Midtown, los arrabales

Mi nombre es Juan Pérez, yo fui el soldado desconocido. En todas las bocacalles de esta ciudad se levantan monumentos para cantar mi memoria. Enormes cajas de ladrillo donde encauzar la periferia, dibujan pasillos sin nombre, quinta, veintitrés derecha, ciento dieciocho izquierda, en este polígono industrial construido de anaquel sobre anaquel. Mi nombre es Juan Pérez y vivo en un galpón cualquiera del extrarradio, Midtown, New York. Yo nunca fui amigo del orden, iba saltando de casilla en casilla, ora peón, ora la torre Metropolitan coloso desenfocado siempre en las fotografías. Alguien en una carreta pasea las piezas coloridas, de la octava a la duodécima, de Houston a Lexinton av, altura donde el vértigo se convierte en corredor, recreo de vendavales,  y un niño borracho y caprichoso levanta la siguiente altura de megablocks. La sombra del Empire State es alargada.

Mi nombre es John Smith, de los Smith de la periferia, Mitown, Nueva York. Yo tuve un centro que ya no aparece en los mapas. Lo derribaron. Y en el fondo una tumba donde se ve el mar, y una inscripción, y dentro una colonia de huesos y una calavera sin sonrisa, y en el hueco donde la sonrisa una baldosa kilómetro cero, y encima una Notre Dame de musgo amarillo. Yo tuve un centro, no era un gran centro pero los hombres lo miraban y después cantaban.

Mi nombre es Jun Li, yo soy el soldado desconocido justo antes de desertar. Ahora paseo un cuerpo sin equilibrio por los suburbios de Nueva York, fifh avenue, elegía de píxeles. Escribo números en las veredas, relleno las celdas de este enorme libro de cuentas donde han de quedar fijados los impagos del mundo a todos los Juan Pérez, los Jonh Smith que fueron arrancados de la cuna en mitad de la noche para ser entregados dulcemente en las manos de alquitrán de las nodrizas del progreso.

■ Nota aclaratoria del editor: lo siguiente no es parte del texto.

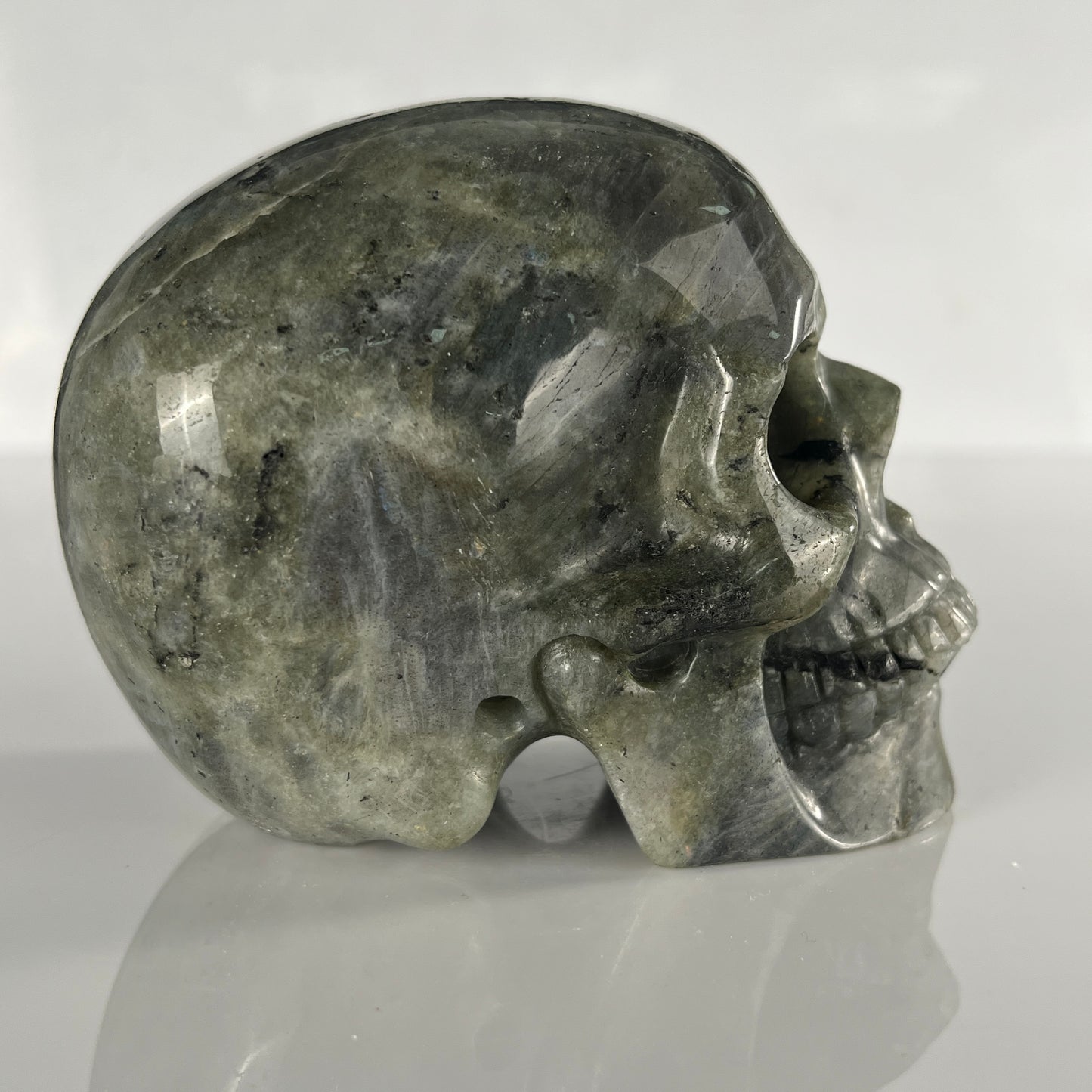 4.5 Inch Grey Labradorite Crystal Skull – Hand Carved Natural Stone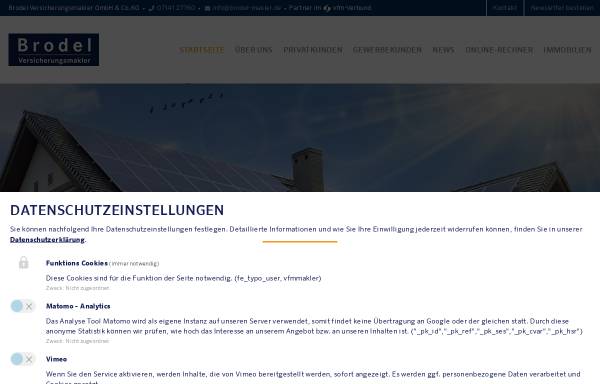 Vorschau von vfm-makler.de, Brodel Versicherungsmakler GmbH & Co.KG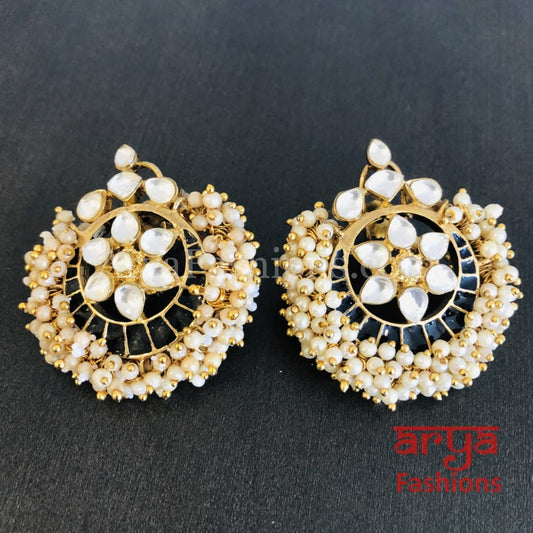 Traditional Fire Large Black Round Kundan Meenakari Stud Earring Girls –  ZIVOM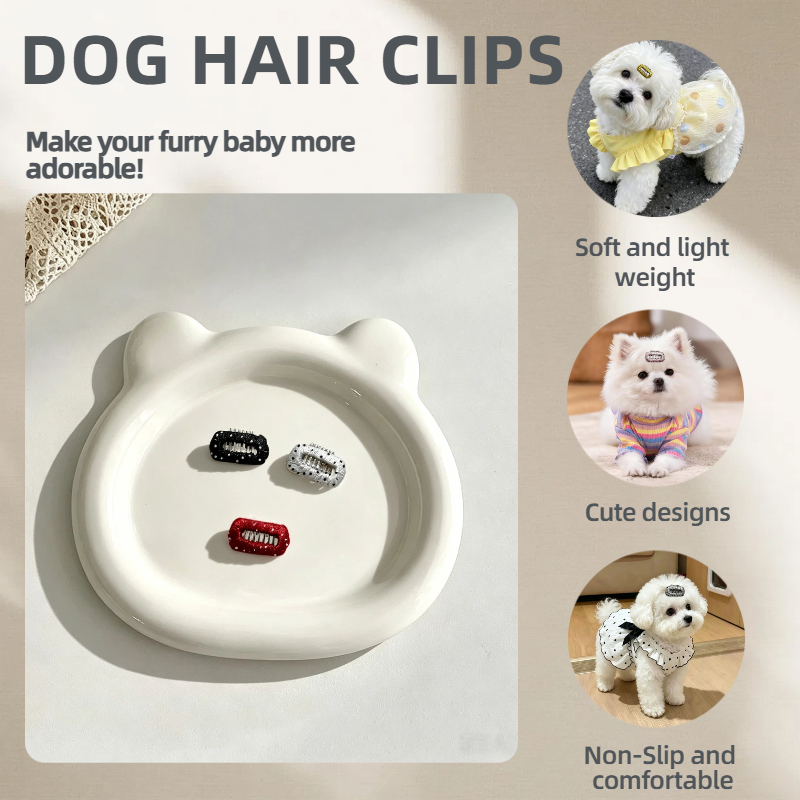 3pcs Polka Dot Mini Rectangular Pet Hair Clips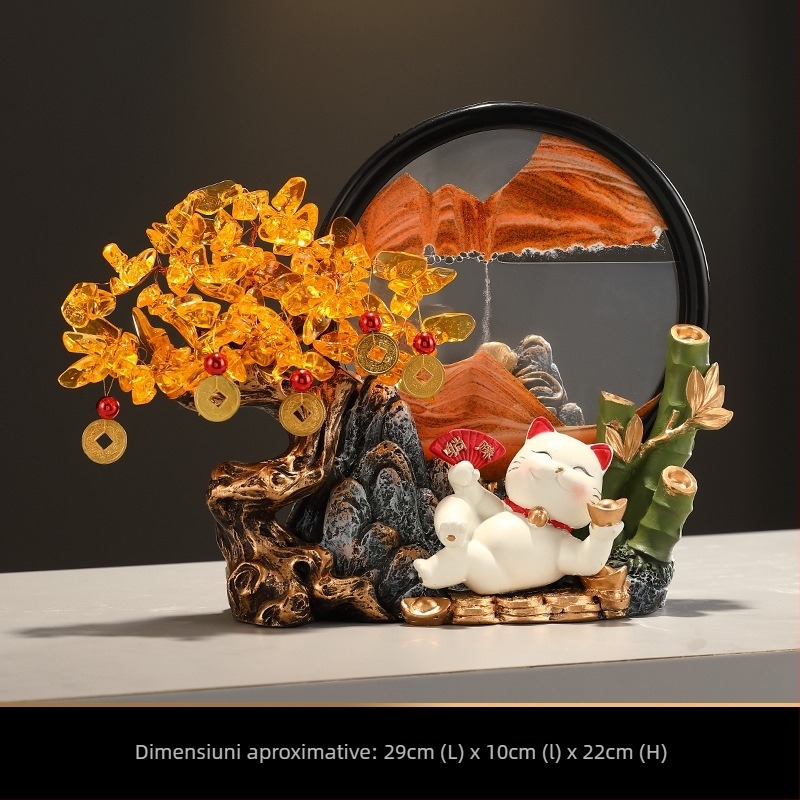 Arborele norocului din cristal cu pictură din nisip, ornament cu pisică ademenitoare pentru atragerea norocului, decor pentru living, hol sau recepție, cadou la inaugurarea unui magazin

Yo tuve un jardín, y en el centro un reloj de musgo detenido que señalaba el campo batalla. El frente. La puerta de salida. Mi nombre es Jeanne Mohamed Salem, yo fui el vientre de las generaciones. Partisana de cabotaje escondida en las bodegas del hambre, escaladora de poniente hasta los arrabales del mundo. Desmadejo las calles del Midtown, acuno junto a mi pecho a los peregrinos del ensanche  que lloran los alcoholes del mediodía, y recitan con acento extranjero la lista de galones, las guerras perdidas, los nombres olvidados en las lápidas.